> **RECORD EXCERPTS**:
........
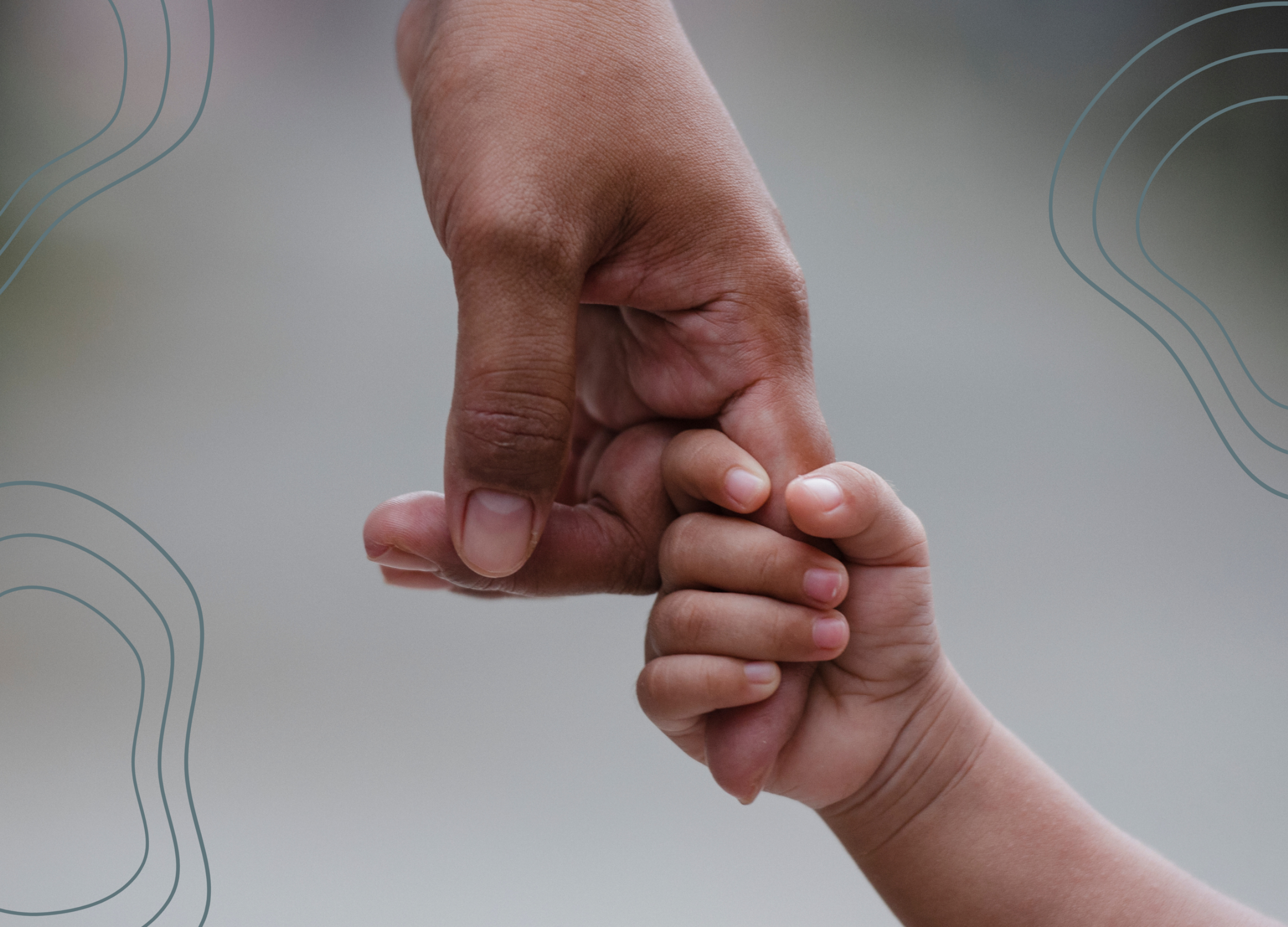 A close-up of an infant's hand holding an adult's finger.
........
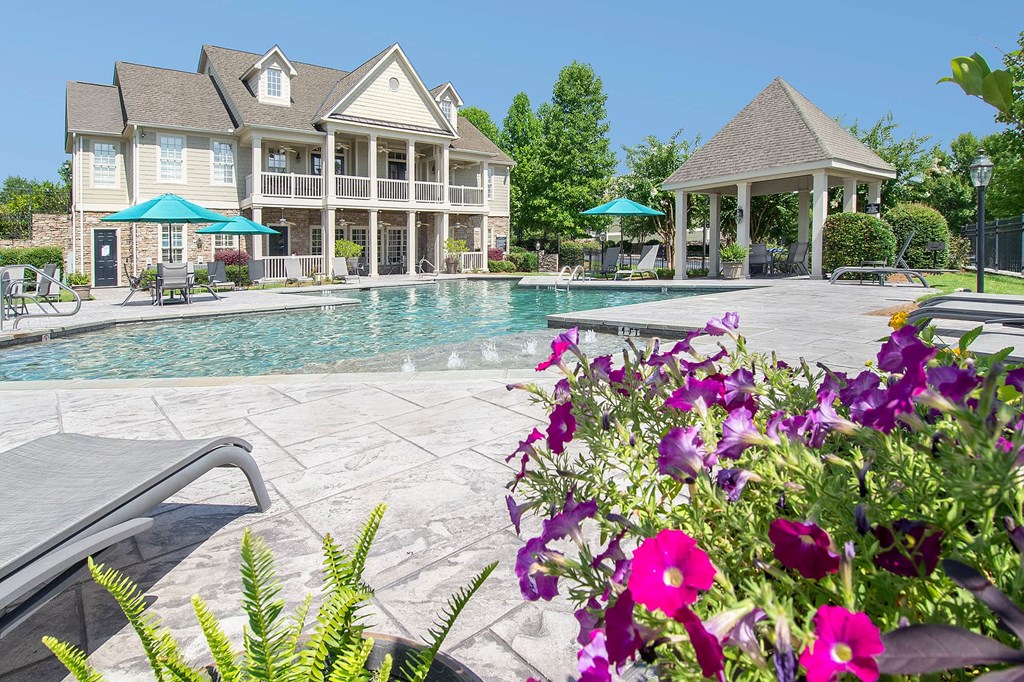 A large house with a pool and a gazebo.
........
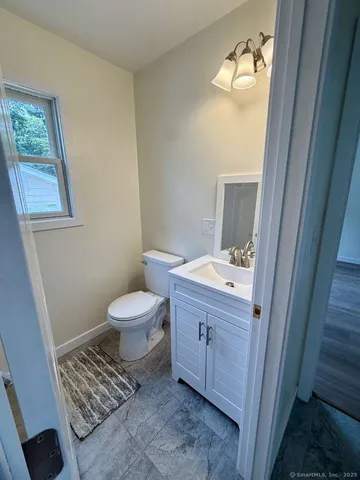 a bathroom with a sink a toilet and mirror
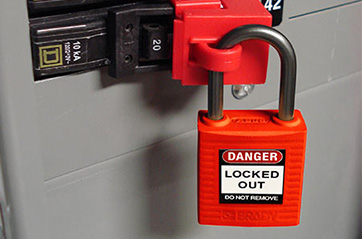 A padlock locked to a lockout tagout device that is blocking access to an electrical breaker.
........
> **ACTION ITEM**:
Retype only the lines above from the one with "a bathroom with a sink a toilet and mirror" through the one with "A padlock locked", exactly and with both ends. Images stay out.

> **RESPONSE**:
 a bathroom with a sink a toilet and mirror
 A padlock locked to a lockout tagout device that is blocking access to an electrical breaker.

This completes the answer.